If you haven’t heard, the California Community College (CCC) system has undertaken a 57 million dollar, 5 year (to begin with), Online Education Initiative. Check it out if you haven’t heard about it – suffice to say it’s a grand vision for supporting student access and success across the system that goes far beyond provision of online courses to online learning infrastructure and integrated support services for students and faculty across the 112 CCCs.
I am participating in a small working group considering how online tutoring should be a part of the mix (since I helped MiraCosta to become the first CCC to offer online tutoring via the Western eTutoring Consortium rather than by outsourcing completely). In our early discussion, we have been invited to consider a grand vision for online tutoring. Here’s mine – what do you think?
Online tutoring in a perfect world is a great support option for all students, not just those enrolled in online classes. The advantages of high-quality learning online are brought to bear: anywhere, anytime, rich media, abundant high-quality relevant resources, a supportive community, flexible options for presentation of information, engaging interaction, and systemic analytics and processes that over time make online support even easier and more targeted for each individual as well as enabling continuous systems improvement.
In this vision, online tutoring is not just a quick fix, remedial option for struggling students, but a performance enhancer, a support mechanism with the potential to help every learner – even those who are already excelling – to go beyond their current capabilities.
Online tutoring in a perfect world is not merely an “extra” layer of support services that students must seek out beyond their typical educational routine. Rather, every faculty member, every course, and even other non-course academic and student support areas (e.g. the library) find ways to integrate online tutoring on-ramps/opportunities throughout the student experience so that tutoring is seen as normal, present, integral, and available whenever it might be needed.

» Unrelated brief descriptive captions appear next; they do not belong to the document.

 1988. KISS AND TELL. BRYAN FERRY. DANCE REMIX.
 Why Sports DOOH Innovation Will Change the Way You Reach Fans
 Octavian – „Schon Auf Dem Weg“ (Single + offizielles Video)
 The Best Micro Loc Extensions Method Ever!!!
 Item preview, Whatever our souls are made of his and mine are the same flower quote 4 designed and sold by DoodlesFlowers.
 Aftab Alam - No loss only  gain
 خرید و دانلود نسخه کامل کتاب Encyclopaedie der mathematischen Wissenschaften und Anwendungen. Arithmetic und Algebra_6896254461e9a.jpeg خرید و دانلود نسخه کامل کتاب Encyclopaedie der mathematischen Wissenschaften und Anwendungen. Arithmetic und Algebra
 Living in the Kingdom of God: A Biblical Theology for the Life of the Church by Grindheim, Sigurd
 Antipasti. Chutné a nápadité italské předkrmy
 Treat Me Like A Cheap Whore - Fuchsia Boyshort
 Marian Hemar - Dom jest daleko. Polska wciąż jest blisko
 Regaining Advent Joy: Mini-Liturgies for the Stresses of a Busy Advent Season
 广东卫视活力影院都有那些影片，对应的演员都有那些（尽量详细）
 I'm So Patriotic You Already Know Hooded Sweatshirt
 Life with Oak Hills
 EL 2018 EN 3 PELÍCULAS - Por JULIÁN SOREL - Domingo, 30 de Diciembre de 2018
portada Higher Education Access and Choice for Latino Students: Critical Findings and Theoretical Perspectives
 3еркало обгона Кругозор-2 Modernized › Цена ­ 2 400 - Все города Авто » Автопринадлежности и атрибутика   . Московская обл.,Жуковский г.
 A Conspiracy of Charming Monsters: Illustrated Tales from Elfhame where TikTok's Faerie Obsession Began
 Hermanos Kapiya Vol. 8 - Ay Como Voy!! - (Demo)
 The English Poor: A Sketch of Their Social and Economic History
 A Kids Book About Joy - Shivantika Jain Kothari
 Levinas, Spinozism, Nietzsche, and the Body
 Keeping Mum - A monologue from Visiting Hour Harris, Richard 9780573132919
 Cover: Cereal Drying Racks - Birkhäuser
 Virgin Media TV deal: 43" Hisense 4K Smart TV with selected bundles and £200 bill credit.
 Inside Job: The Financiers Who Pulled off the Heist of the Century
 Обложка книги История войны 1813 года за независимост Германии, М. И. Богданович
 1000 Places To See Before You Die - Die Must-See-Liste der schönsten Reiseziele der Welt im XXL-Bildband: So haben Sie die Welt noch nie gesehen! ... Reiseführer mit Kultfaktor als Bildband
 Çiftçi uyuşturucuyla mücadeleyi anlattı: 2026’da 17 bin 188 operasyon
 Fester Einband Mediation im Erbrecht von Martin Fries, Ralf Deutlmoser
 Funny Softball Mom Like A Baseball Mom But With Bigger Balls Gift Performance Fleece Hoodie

In this vision maybe “tutoring” as a term becomes obsolete and we need to craft a new, more expansive word that encompasses this notion of ever-present support. As this evolves it might more seamlessly incorporate and interface with other forms of online support for all learners, including peer communities, counseling and advising, mentoring, real-world connections with community members, support programs for special populations, co-curricular and extra-curricular experiences, library resources, discipline-specific resources, information literacy guidance, tech support, study skills, etc.